• C++ Programming for Financial Engineering
    Highly recommended by thousands of MFE students. Covers essential C++ topics with applications to financial engineering. Learn more Join!
    Python for Finance with Intro to Data Science
    Gain practical understanding of Python to read, understand, and write professional Python code for your first day on the job. Learn more Join!
    An Intuition-Based Options Primer for FE
    Ideal for entry level positions interviews and graduate studies, specializing in options trading arbitrage and options valuation models. Learn more Join!

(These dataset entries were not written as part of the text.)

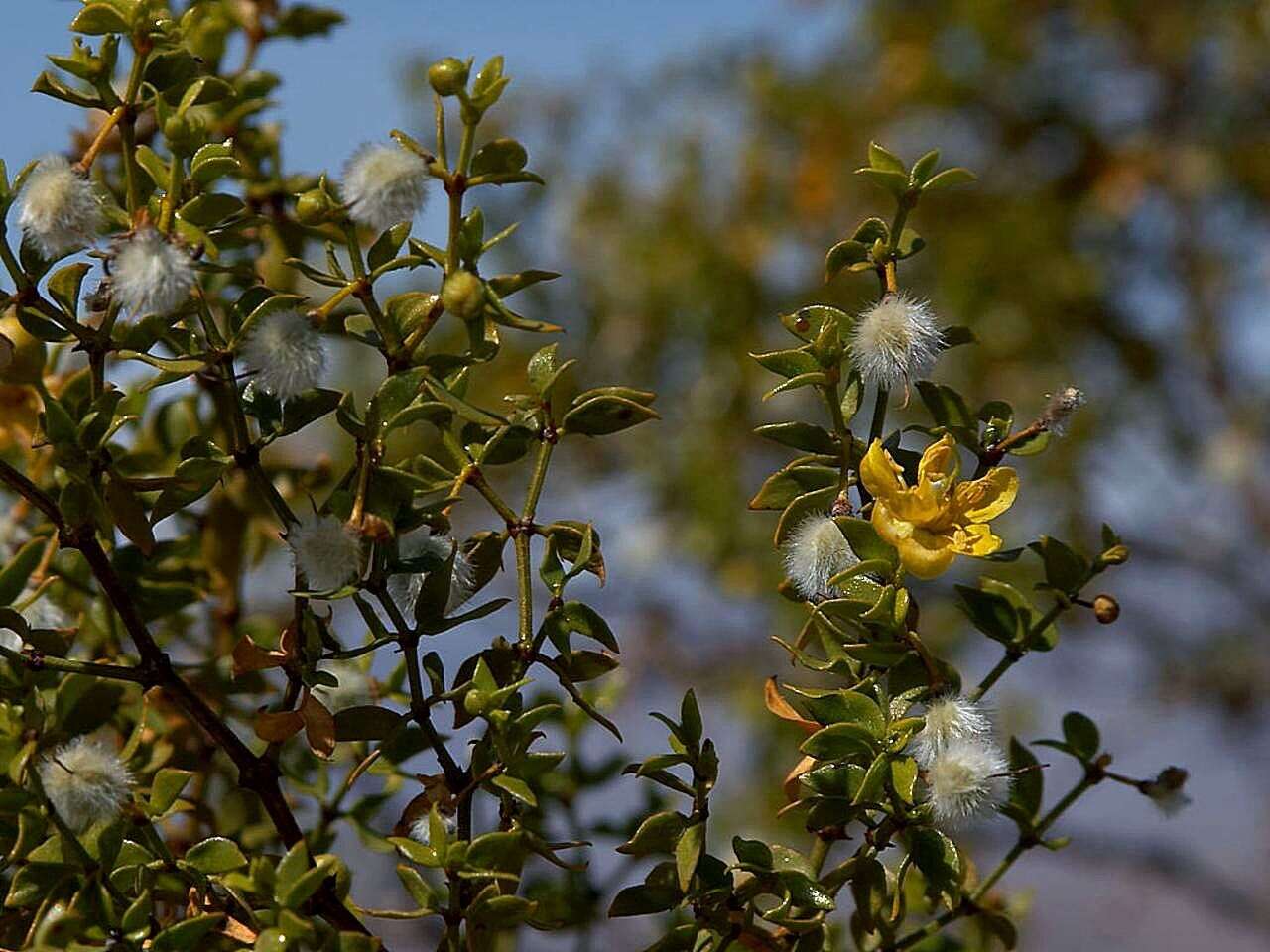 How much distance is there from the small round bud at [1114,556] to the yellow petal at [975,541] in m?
0.05

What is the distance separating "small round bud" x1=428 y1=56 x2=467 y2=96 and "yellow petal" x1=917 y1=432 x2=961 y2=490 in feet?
0.54

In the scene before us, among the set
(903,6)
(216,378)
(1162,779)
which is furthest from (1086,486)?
(216,378)

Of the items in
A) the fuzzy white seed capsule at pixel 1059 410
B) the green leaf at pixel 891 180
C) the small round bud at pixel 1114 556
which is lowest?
the small round bud at pixel 1114 556

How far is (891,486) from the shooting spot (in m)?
0.38

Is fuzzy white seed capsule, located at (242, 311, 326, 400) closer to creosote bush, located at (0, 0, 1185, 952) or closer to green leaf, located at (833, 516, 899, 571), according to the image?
creosote bush, located at (0, 0, 1185, 952)

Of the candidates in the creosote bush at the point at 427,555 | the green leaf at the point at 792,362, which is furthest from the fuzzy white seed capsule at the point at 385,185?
the green leaf at the point at 792,362

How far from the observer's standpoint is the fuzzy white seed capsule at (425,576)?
381mm

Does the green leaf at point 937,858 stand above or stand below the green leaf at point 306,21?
below

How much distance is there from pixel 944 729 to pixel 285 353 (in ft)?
0.68

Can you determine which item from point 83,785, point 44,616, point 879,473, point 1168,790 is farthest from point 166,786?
point 1168,790

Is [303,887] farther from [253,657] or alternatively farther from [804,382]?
[804,382]

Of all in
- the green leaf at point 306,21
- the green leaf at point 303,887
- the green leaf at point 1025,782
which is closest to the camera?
the green leaf at point 303,887

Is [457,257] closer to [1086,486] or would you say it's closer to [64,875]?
[64,875]

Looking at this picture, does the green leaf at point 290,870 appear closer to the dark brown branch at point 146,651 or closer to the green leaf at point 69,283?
the dark brown branch at point 146,651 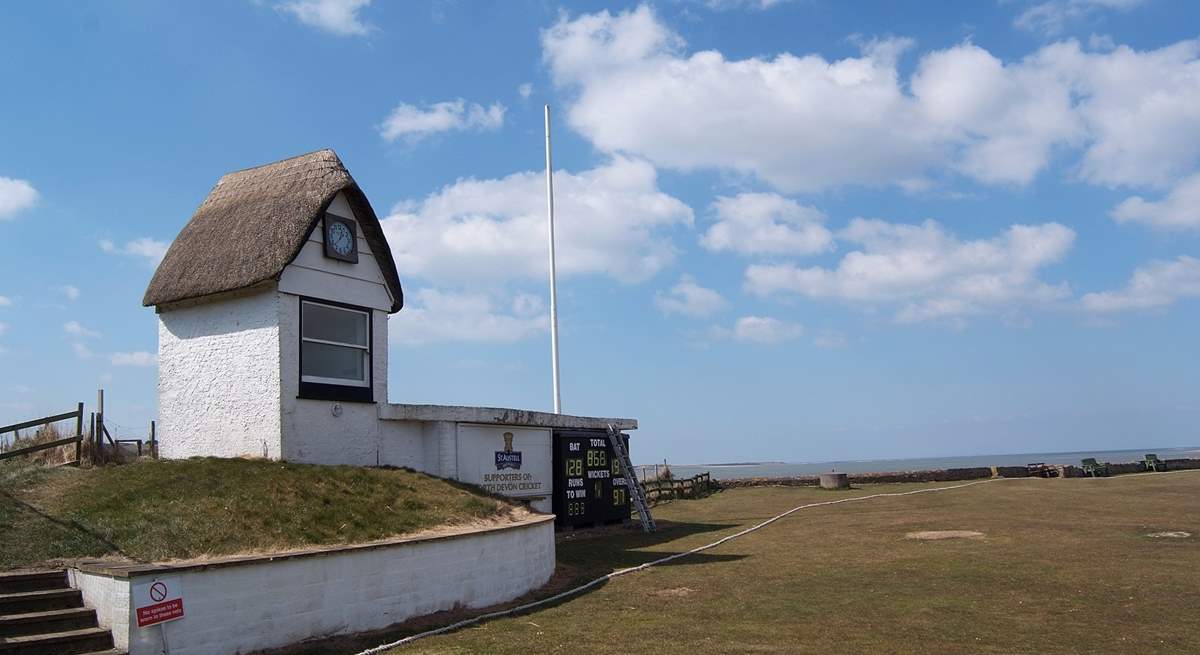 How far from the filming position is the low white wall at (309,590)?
9.27 metres

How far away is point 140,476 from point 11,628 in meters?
4.32

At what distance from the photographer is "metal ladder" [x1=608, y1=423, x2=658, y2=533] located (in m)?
23.8

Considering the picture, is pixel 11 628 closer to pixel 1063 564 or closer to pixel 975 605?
pixel 975 605

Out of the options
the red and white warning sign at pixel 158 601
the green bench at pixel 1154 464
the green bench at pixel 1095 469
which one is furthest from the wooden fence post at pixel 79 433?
the green bench at pixel 1154 464

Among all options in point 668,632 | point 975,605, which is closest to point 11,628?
point 668,632

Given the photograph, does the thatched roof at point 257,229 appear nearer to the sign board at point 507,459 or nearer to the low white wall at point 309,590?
the sign board at point 507,459

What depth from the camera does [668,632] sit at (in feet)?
36.4

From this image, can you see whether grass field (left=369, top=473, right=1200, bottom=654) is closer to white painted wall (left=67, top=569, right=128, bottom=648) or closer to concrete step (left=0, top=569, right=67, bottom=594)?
white painted wall (left=67, top=569, right=128, bottom=648)

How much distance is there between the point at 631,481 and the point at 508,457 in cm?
522

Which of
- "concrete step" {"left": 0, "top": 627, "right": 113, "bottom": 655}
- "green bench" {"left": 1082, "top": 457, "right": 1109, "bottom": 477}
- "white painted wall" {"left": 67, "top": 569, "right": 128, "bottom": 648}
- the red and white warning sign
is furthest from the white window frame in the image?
"green bench" {"left": 1082, "top": 457, "right": 1109, "bottom": 477}

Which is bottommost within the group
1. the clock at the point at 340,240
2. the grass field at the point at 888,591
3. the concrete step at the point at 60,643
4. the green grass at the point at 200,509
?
the grass field at the point at 888,591

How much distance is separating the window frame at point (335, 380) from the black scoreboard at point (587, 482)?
620 cm

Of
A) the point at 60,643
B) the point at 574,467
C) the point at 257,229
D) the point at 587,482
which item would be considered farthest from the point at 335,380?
the point at 587,482

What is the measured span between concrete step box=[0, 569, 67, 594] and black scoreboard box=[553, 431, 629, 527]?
12.2 metres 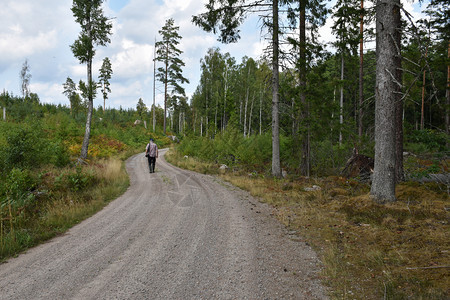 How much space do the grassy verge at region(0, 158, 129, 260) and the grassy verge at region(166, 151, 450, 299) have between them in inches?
226

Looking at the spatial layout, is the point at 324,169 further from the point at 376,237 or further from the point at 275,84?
the point at 376,237

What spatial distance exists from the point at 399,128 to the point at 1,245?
1217 centimetres

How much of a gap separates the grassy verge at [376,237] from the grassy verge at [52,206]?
5748 millimetres

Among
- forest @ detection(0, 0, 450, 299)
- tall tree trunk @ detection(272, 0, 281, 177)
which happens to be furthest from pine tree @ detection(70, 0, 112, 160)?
tall tree trunk @ detection(272, 0, 281, 177)

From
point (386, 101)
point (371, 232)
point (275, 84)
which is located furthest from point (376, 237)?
point (275, 84)

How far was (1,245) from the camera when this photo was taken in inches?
167

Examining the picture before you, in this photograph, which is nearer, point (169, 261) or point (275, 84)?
point (169, 261)

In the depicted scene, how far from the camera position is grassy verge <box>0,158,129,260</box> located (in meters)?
4.78

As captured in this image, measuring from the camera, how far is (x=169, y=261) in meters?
3.81

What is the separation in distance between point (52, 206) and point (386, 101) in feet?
34.4

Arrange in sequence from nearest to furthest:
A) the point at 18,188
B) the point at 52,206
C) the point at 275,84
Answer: the point at 52,206
the point at 18,188
the point at 275,84

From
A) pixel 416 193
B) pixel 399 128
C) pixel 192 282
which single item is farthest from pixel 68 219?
pixel 399 128

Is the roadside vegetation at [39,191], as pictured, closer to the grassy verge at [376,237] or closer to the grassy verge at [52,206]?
the grassy verge at [52,206]

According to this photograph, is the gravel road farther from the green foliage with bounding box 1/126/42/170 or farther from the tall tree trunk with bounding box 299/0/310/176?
the tall tree trunk with bounding box 299/0/310/176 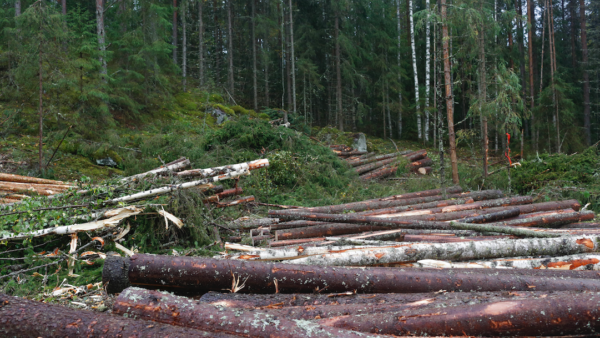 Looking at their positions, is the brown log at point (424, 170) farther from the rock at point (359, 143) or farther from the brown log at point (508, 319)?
the brown log at point (508, 319)

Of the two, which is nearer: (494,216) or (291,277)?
(291,277)

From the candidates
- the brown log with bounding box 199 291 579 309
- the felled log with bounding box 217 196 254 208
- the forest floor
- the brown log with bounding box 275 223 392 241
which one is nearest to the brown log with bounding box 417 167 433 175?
the forest floor

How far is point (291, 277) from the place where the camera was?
129 inches

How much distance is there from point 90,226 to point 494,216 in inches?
260

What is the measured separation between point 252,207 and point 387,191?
4.37 m

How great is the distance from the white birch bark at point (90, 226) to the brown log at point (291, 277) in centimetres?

Databases and SQL- where to start?

roni

Cornell FE
Joined
3/19/09
Messages
608
Points
38
Hello,

I'm a complete novice with everything related to databases, so if some of the things I say sound stupid, I apologize.
All right, I think I would like to get a grip on databases areas that might be helpful in several positions in quant finance.
Which major topics would you recommend me to learn? I went over the database books on Amazon and there are many different books. Here are some of the books I found:

1) Apress_Beginning_Database_Design_From_Novice_to_Professional
Beginning- Databas Design Solutions, Wrox

2) Relational Database Design and Implementation, Third Edition

3) Learning SQL Alan Beaulieu
SQL Cookbook
Head First SQL: Your Brain on SQL -- A Learner's Guide by Lynn Beighley

4) Data Analysis Using SQL and Excel

I'm not trying to be an expert with SQL and databases. I would like to learn to use databases or to program with databases effectively. I think picking a book from category #3 is going to be sufficient, isn't it?

I saw Tsotne's thread but didn't want to hijack his thread :\

Thanks in advance.

Roni.
 
I use SQL on a daily basis and actually can make it do some fairly nifty tricks. (I recently implemented some needed functionality for our production software via script that our development staff considered "too hard" to build into the UI proper.) But I've never "learned" it in any formal sense--either with a course or a book--and I think a lot of its users would say the same. To me, that's a testament to how well it's conceived.

If you're feeling ambitious, MySQL is free and, if you can find a project for yourself that's suitable, you could conceivably download it along with their Workbench tool and get a sense of what it can do that way. If you're feeling even more ambitious, there is a connector available that allows you to work with a MySQL database directly from C++.

With that said, I would not advise trying this if you're a Mac user. At least in my experience, the MySQL offering for Mac is at best unreliable, and as far as I can tell in many ways just flat does not work as advertised.
 
If you just want to learn SQL syntax, in order to interact with existing databases, then "Learning SQL" book should serve you great. As far as choice of software to be used while learning concerned, I'd recommend SQLite (http://www.sqlite.org/) - all of Linux/Windows/Mac supported, database is in a plain single file (so no hassle to setup server etc.), simple and nice command line tool exists to execute SQL statements, programming APIs are available for number of programming languages, and all of the basic SQL syntax is supported.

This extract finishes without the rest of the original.